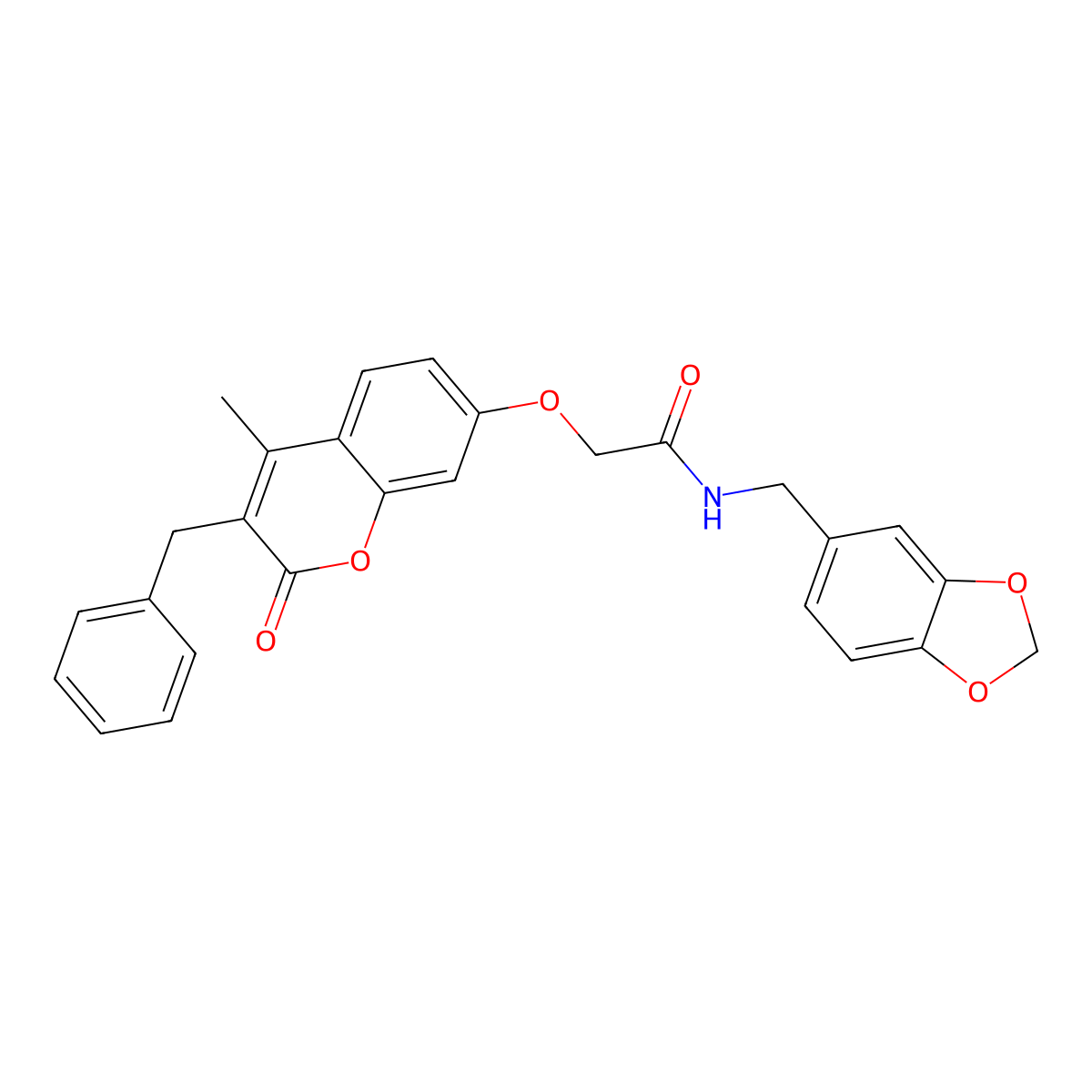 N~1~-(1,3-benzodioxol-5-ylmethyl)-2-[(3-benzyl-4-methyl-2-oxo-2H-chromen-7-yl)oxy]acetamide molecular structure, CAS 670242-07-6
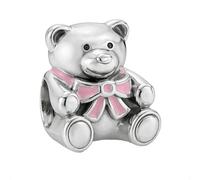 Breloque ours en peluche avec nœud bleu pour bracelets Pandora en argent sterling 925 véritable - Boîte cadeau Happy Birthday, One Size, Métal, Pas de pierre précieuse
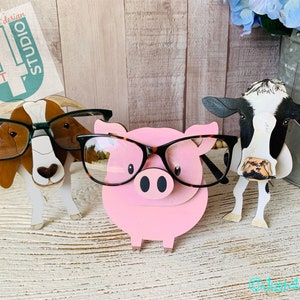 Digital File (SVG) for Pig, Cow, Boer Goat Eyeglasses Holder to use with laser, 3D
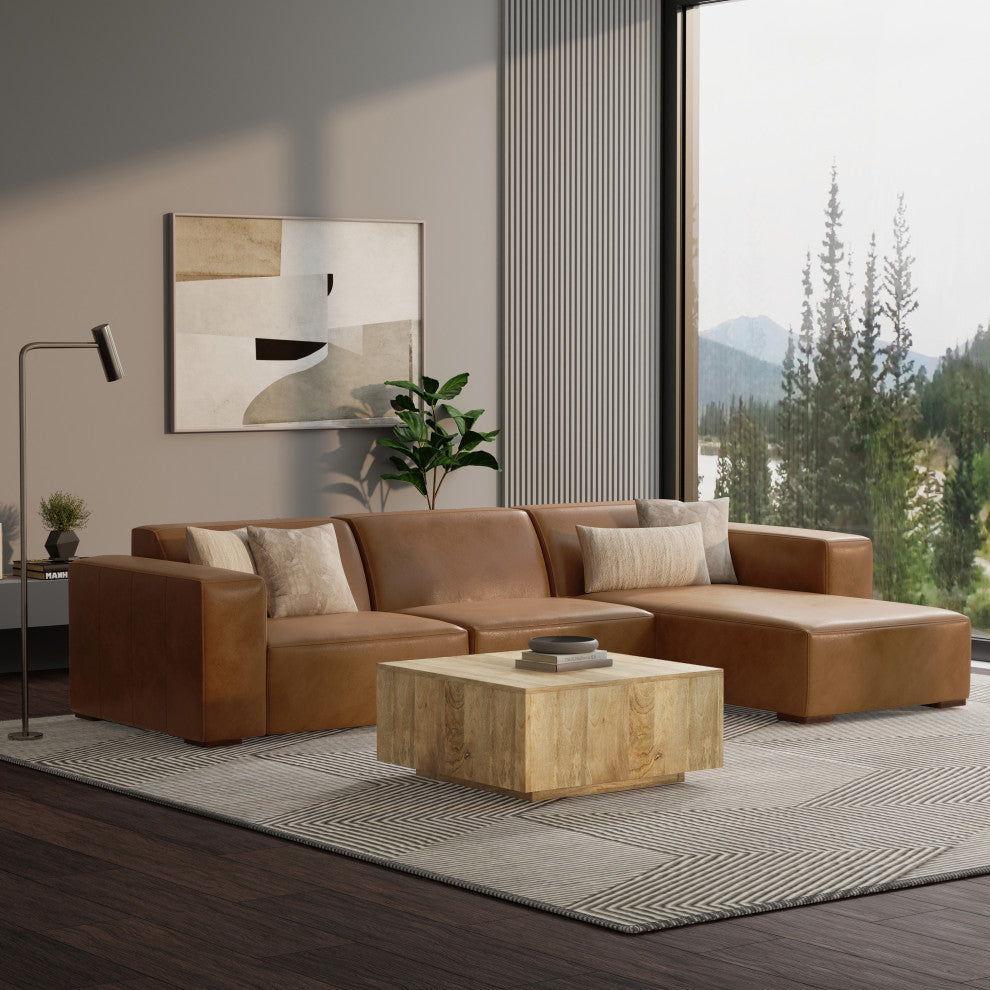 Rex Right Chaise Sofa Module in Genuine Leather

Exercise goal: Starting with the first line of the data above and ending with the line containing "Digital File (SVG)", please restate every line exactly, leaving images out.

Exercise output:
 N~1~-(1,3-benzodioxol-5-ylmethyl)-2-[(3-benzyl-4-methyl-2-oxo-2H-chromen-7-yl)oxy]acetamide molecular structure, CAS 670242-07-6
 Breloque ours en peluche avec nœud bleu pour bracelets Pandora en argent sterling 925 véritable - Boîte cadeau Happy Birthday, One Size, Métal, Pas de pierre précieuse
 Digital File (SVG) for Pig, Cow, Boer Goat Eyeglasses Holder to use with laser, 3D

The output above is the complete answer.